Figure 4. Accuracy evaluation of RepeatsDB-lite1 & 2 at target level for RepeatsDB topologies.  Class 4.7 results are explained by the fact that it has only one PDB.

In [84]:
# precision
df_boxplots.rename(columns={8: 'p1'}, inplace=True)
df_boxplots.rename(columns={18: 'p2'}, inplace=True)
df_plot1 = df_boxplots[['p1', 'topologies']].rename(columns={'p1': "precision"})
df_plot2 = df_boxplots[['p2', 'topologies']].rename(columns={'p2': "precision"})
df_plot1['tool'] = 'RepeatsDB-lite1'
df_plot2['tool'] = 'RepeatsDB-lite2'
df_final = pd.concat([df_plot1, df_plot2])
df_final = df_final.sort_values(by=['topologies'], ascending=True)
df_final[['class','subclass']] = df_final['topologies'].str.split('.',expand=True)
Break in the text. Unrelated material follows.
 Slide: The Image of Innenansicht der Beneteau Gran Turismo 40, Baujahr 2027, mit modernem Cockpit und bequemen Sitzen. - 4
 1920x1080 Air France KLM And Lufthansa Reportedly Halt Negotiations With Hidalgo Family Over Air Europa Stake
fig = px.box(df_final, x="topologies", y="precision", color='tool')
fig.update_layout(width=1000)
fig.write_image("plots/precision_pdbs.png")

Figure 5. Precision evaluation of RepeatsDB-lite1 & 2 at target level for RepeatsDB classes.

In [85]:
fig = px.box(df_final, x="class", y="precision", color='tool')
fig.update_layout(width=1000)
fig.write_image("plots/precision_pdbs_classes.png")
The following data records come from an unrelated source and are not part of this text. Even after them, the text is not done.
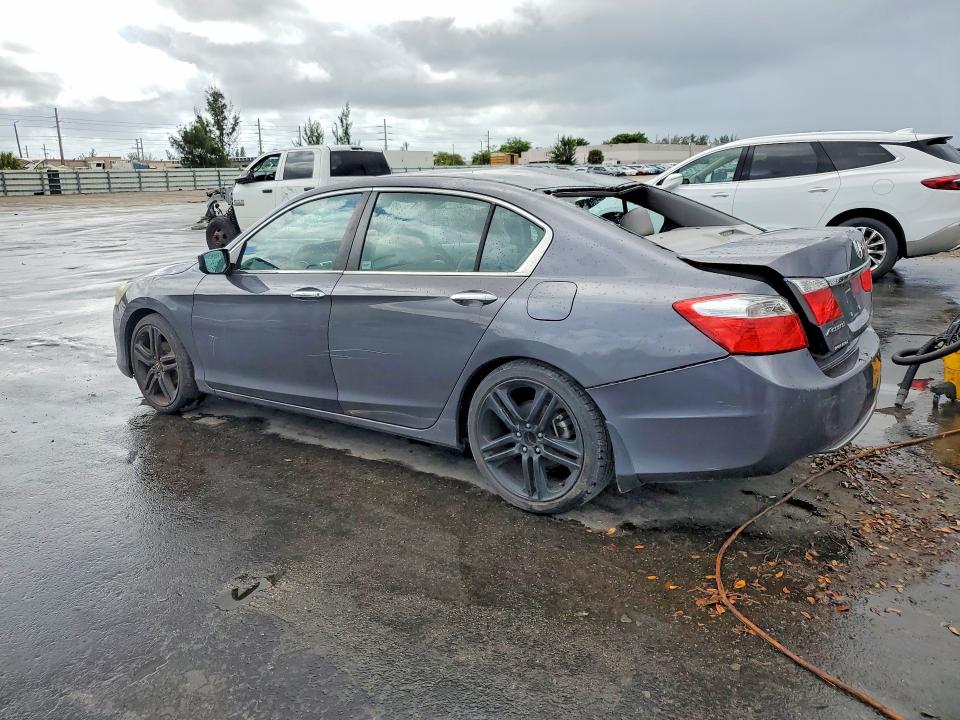 54397816 :رقم المزاد ، 1HGCR2F37DA044613 vin ، 2013 Honda Accord مزاد بيع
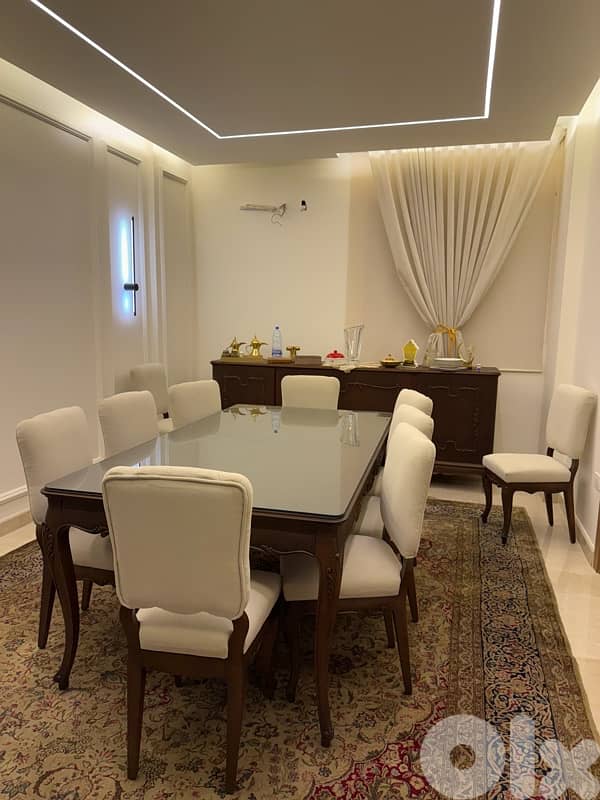 Full dining room 0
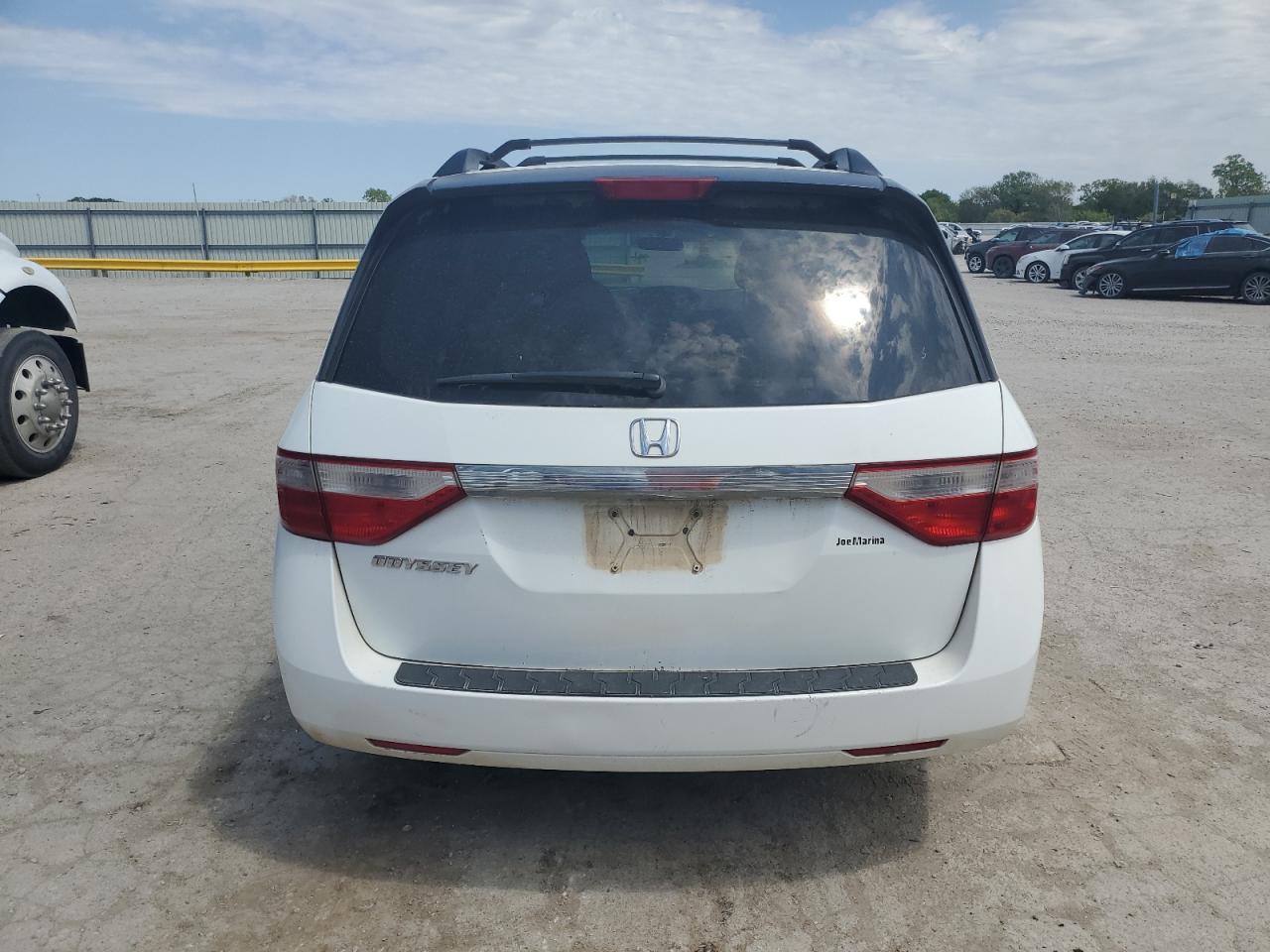 5FNRL5H43BB070986 2011 Honda Odyssey Ex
Figure 6. Precision evaluation of RepeatsDB-lite1 & 2 at target level for RepeatsDB topologies.

In [86]:
# recall
df_boxplots.rename(columns={9: 'r1'}, inplace=True)
df_boxplots.rename(columns={19: 'r2'}, inplace=True)
df_plot1 = df_boxplots[['r1', 'topologies']].rename(columns={"r1": "recall"})
df_plot2 = df_boxplots[['r2', 'topologies']].rename(columns={"r2": "recall"})
df_plot1['tool'] = 'RepeatsDB-lite1'
df_plot2['tool'] = 'RepeatsDB-lite2'
df_final = pd.concat([df_plot1, df_plot2])
df_final = df_final.sort_values(by=['topologies'], ascending=True)
df_final[['class','subclass']] = df_final['topologies'].str.split('.',expand=True)


fig = px.box(df_final, x="topologies", y="recall", color='tool')
fig.update_layout(width=1000)
fig.write_image("plots/recall_pdbs.png")

Figure 7. Recall evaluation of RepeatsDB-lite1 & 2 at target level for RepeatsDB classes.

In [87]:
fig = px.box(df_final, x="class", y="recall", color='tool')
fig.update_layout(width=1000)
fig.write_image("plots/recall_pdbs_classes.png")
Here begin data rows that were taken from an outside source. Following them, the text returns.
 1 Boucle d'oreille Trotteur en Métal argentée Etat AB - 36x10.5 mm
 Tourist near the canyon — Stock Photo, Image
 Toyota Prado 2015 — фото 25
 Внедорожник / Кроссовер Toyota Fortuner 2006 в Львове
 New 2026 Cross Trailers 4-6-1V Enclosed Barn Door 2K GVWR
Figure 8. Recall evaluation of RepeatsDB-lite1 & 2 at target level for RepeatsDB topologies.

In [88]:
# F score
df_boxplots.rename(columns={10: 'f1'}, inplace=True)
df_boxplots.rename(columns={20: 'f2'}, inplace=True)
df_f1 = df_boxplots[['f1', 'topologies']].rename(columns={"f1": "f-score"})
df_f2 = df_boxplots[['f2', 'topologies']].rename(columns={"f2": "f-score"})
df_f1['tool'] = 'RepeatsDB-lite1'
df_f2['tool'] = 'RepeatsDB-lite2'
df_final = pd.concat([df_f1, df_f2])
df_final = df_final.sort_values(by=['topologies'], ascending=True)
df_final[['class','subclass']] = df_final['topologies'].str.split('.',expand=True)

fig = px.box(df_final, x="topologies", y="f-score", color='tool')
fig.update_layout(width=1000, plot_bgcolor = "white", paper_bgcolor = "white",  font_color="black")
fig.write_image("plots/f-score_pdbs.png")

Figure 9. F-score evaluation of RepeatsDB-lite1 & 2 at target level for RepeatsDB classes.

In [89]:
fig = px.box(df_final, x="class", y="f-score", color='tool')
fig.update_layout(width=1000, plot_bgcolor = "white", paper_bgcolor = "white",  font_color="black")
fig.write_image("plots/f-score_pdbs_classes.png")

Figure 10. F-score evaluation of RepeatsDB-lite1 & 2 at target level for RepeatsDB topologies.

In [None]:
# f1 by method
fig = px.box(df_final, x="tool", y="f-score")
fig.write_image("plots/f-score_by_method.png")

Figure 10. Boxplot distribution of F-score values of RepeatsDB-lite1 & 2 by method.